Question

I am making a "paint"-like app that allows the user to do freehand drawings on an image. It's based on the SimpleDrawing app by Nathanial Woolls.

The user should also be able to pan and zoom. So I have a button that turns zoom on/off. When zoom is on, double touch on the screen should zoom and single touch drag should pan. When it's off, the active drawing tool acts on the image.

This is my view hierarchy:

- ViewController.view
 |- Top toolbar
 |- bottom toolbar
 |- scroll view
   |- drawingView
     |- N other views depending on elements user adds
     |- ...

The scroll view handles pan and zoom as such:

-(void)scrollViewDidEndZooming:(UIScrollView *)scrollView withView:(UIView *)view atScale:(CGFloat)scale
{
     [drawingView setNeedsDisplay];
     [scrollView setNeedsDisplay];
}

-(UIView *)viewForZoomingInScrollView:(UIScrollView *)scrollView
{
     return drawingView;
}

To turn the zoom on/off, I set its min/max zoom scale properties (both to 1 to turn off, and to 0.5/3 to turn on) along with the userInteractionEnabled property.

The responder responsible for handling touch events on the drawing view and activating the drawing tools is the view controller.

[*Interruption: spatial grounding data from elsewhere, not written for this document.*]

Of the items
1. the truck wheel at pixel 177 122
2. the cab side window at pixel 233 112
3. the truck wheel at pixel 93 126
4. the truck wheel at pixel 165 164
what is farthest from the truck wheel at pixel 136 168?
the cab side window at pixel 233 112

Here's my problem: When the view is not zoomable, drag gestures should pass through to the "leaf node" views. The drawingView has subviews like UITextFields, which the user can add to the drawing to type, or UIImageViews, used for inserting preset symbols. The user should be able to drag these elements around when the zoom is off. But, if I set the scrollView's userInteractionEnabled property to NO, all drag gestures are handled by the view controller (and thus activate the current drawing tool), but if I keep it on YES when zooming is off, it'll block the view controller from doing anything and any drag on the screen will pan the view.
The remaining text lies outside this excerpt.